Go on, ask me how many times I’ve read The Hobbit. If you said, “Lots” or “More than a socially acceptable number,” you’d be quite correct. I’ve even read it in Italian, but that was a long time ago when I was actually perfectly fluent in Italian and not just a walking dictionary of Italian swear words. Really. Seems like I can only remember the nasty bits from that most beautiful and musical of languages. Che peccato! Sono proprio scemo.

Since I’m really just a poseur when it comes to literature and film and I don’t really enjoy heavy melodramas or any sort of movie that features people talking about their “feelings” or “emotions” and I really need whole bunches of robots with killer laser beams filling the screen to get down with a movie; sometimes Reha and I have a difficult time choosing movies to see together. She doesn’t see any value in seeing Fletch (again, or ever, frankly), finds it totally dumb that Ghostbusters is on anyone’s Top Ten Movies of the Century list and finds it positively moronic that I can still quote the entire Cinderella Story scene from Caddyshack from memory, often without provocation. We usually compromise, getting two movies, with her renting some foreign film with an unpronounceable title or a “Sofie’s Choice” weep-fest, I get bored and wander off or I have to excuse myself from the room to make sure no one has touched my Star Trek: The Next Generation action figure collection.

Note, I do not really own any action figures of any flavor. I’m not that kind of nerd, though you get my meaning.

Anyway, we compromise, which means, she rents what she wants, watches it, and if I’m in the same room, that’s great, but “oh well, your loss, bub,” if I lose interest because of something shiny in the next room and drift away. And I go see Die Hard 4 a the dollar movie all alone except for a ginormous box of smuggled Milk Duds and a $15 dollar vat of Diet Coke and a trough of popcorn. It’s a comfortable existence.

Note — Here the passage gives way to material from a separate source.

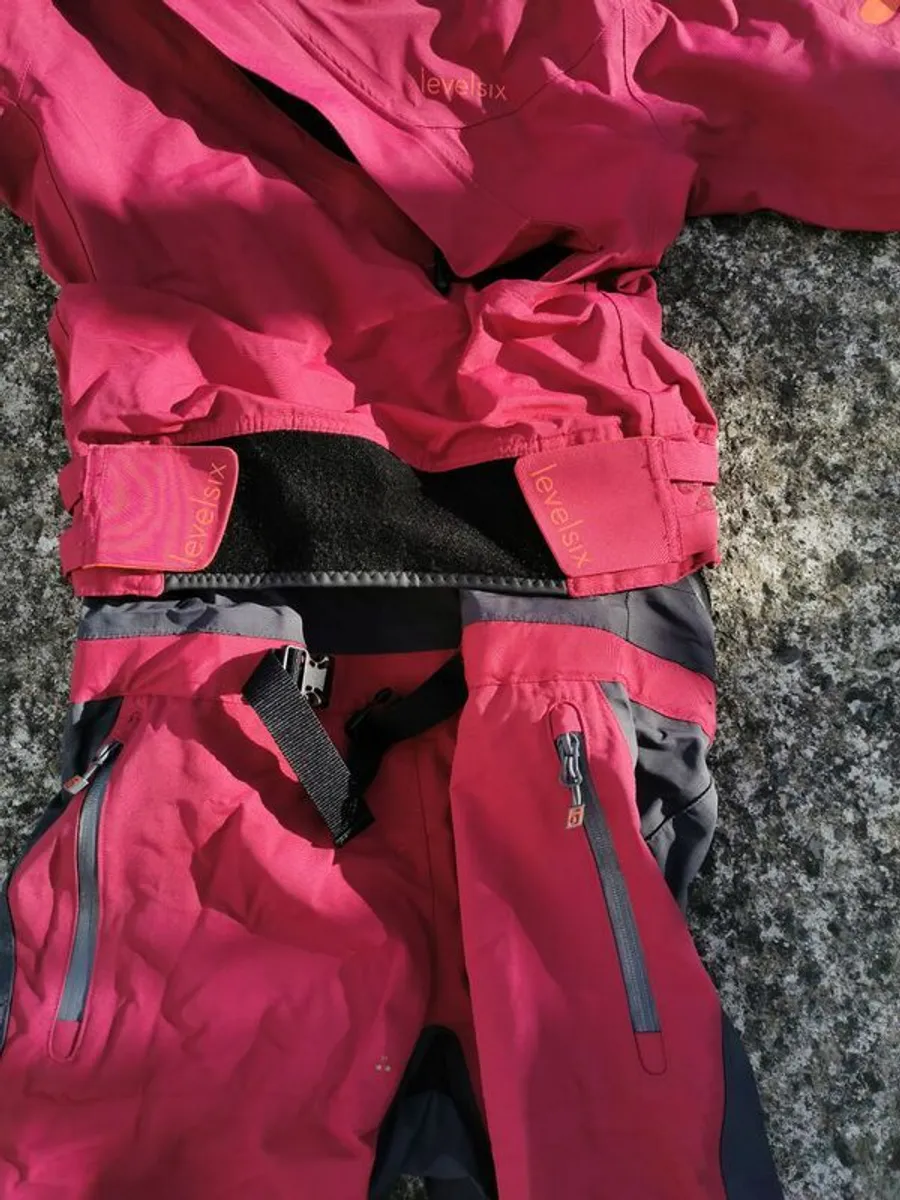 Level Six Womens Dry Suit - Image 2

But the One Rule that can never be violated is this:

I refuse, simply will NOT stand for a scary movie to cross the threshold of our house and into my domain. I HATE scary movies. You show me even just the cover of any “Halloween” or “Friday the 13th” movie and I’m out the door with a whoosh and a small “eeeek” noise.

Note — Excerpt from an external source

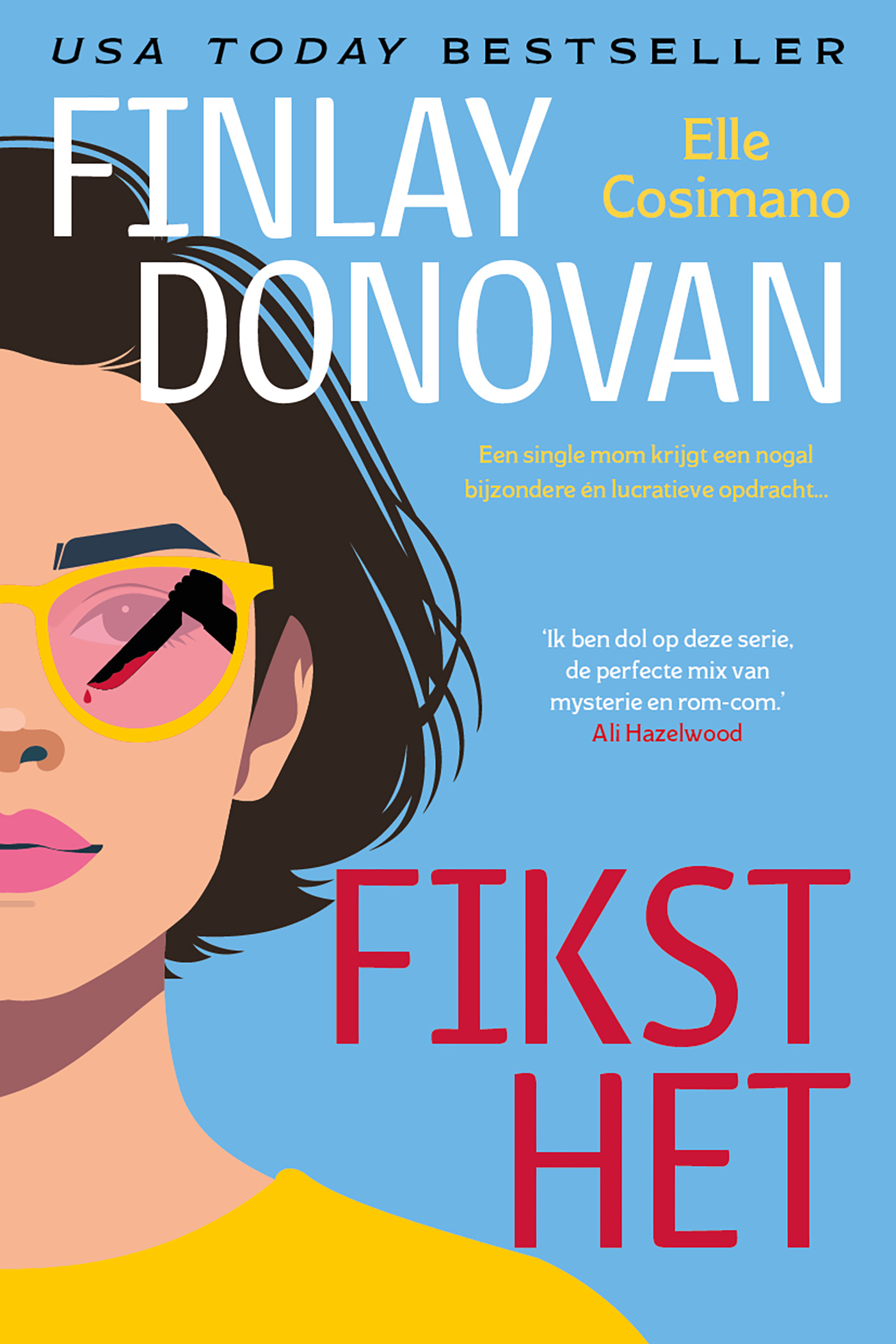 Omslag van Finlay Donovan fikst het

I know EXACTLY the point in my life when I became such a huge scaredy cat. The fall of 1981 when The Exorcist came on TV. Even in its watered-down 1980s version, I couldn’t sleep for years afterwards. There were demons and devils everywhere, just waiting to possess my immortal soul. To this day, I still can’t eat split-pea soup.

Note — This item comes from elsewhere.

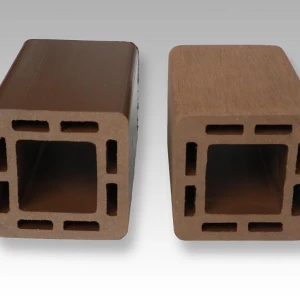 wood polymer decking railing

Honestly, I think it all has something to do with a sense of empathy. Even in an abysmal horror film (pick any Friday the 13th movie), my imagination puts me in the scene and I feel far too anxious about WHAT IS ABOUT TO HAPPEN. I internalize the scene and I get a monster case of the heebie-jeebies. I sometimes wonder if reading so much science fiction and seeing so many goofy movies has elevated my sense of suspending disbelief to a high art. I know it’s a bit silly, but when I see a scary or dramatic or thriller scene, my head truly believes what is happening is REAL, so I feel a tangible sense of physical anxiety and mental cringing.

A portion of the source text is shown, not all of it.